これまでの工事現場写真集の対極を行く写真集

 

『Civil Engineers(シビルエンジニアーズ)土木の肖像』は、これまでの建設現場写真集とは違う、むしろ対極にある写真集と言えます。

建設現場の写真集は他の写真家さんによって何冊も発刊されていますが、それらは重機や構造物、夜景を捉えたもので(それはそれで素敵ですが)、そこには働く人々の存在や気配はなく、あるのは無機質な美しさです。

しかし山崎エリナさんが捉えたのは、他の写真家がフレームから排除した「働く人」でした。

 

見えない世界を描き出す

 

山崎さんと建設現場との出会いは、一昨年、福島の建設会社・寿建設の森崎英五朗社長に道路の補修現場(インフラメンテナンスの現場)の撮影を依頼されたことに始まります。

初めて入った撮影は国道沿いの草刈りでした。10年以上前から山崎さんと仕事をしてきた私ですが、「草刈りに感動した」と聞いたときには、「えっ、草刈りのどこに?」と聞き返したくらいです。草刈りが写真の作品になるとは想像できなかったからです。

山崎さんは、草刈り作業にいそしむ人々の洗練された動きやチームワークといった目に見えない世界を捉えたのです。被写体の奥にあるものを素直に感じ取り、描き出そうとするところが山崎さんのすごいところです。

 

また、何の先入観なく対象に近づいていくところなどは、もう才能のレベルです。

たとえば道路補修の現場は、道路に入った数十センチから数メートルの亀裂を、片側交通などの規制をかけながら、いかに短時間に効率よく補修するかが問われる世界です。そこには大きな重機もありません。ほとんどの人は、絵にならないと思うでしょう。

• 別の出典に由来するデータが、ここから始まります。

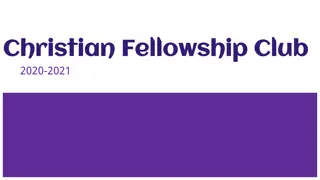 Christian Fellowship Club Activities and Future Plans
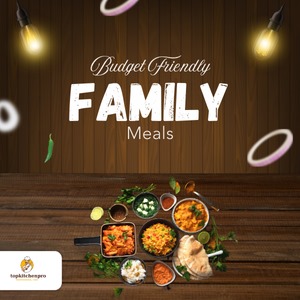 Family , budget friendly family meals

ところが山崎さんは「すごい~」と言いながら、カメラを向けていくのです。

そうして仕上げた作品には、人々が固まって作業する姿が美しく描かれています。

 

HP朝靄

©山崎エリナ 写真集『インフラメンテナンス』より

やがてこれらの作品は話題となり、各地での写真展、そして写真集『インフラメンテナンス』に結実していったわけですが、この一連の活動に対して、インフラメンテナンス大賞優秀賞を国土交通省から授与されています。

トンネル、橋梁、国道など、高度成長時代に一気に作られた道路インフラが今では老朽化し、どこもかしこも悲鳴を上げています。にもかかわらず、予算も人材も確保できていないのが現状です。そんな状況に『インフラメンテナンス』は、写真の力で風穴をあけようとしています。

 

ふるさとを守る人々の表情や姿を描く

 

山崎さんが次に選んだ現場が、『Civil Engineers土木の肖像』の現場を提供してくださった、新潟に本社を置く建設会社・小野組さん(小野貴史社長)です。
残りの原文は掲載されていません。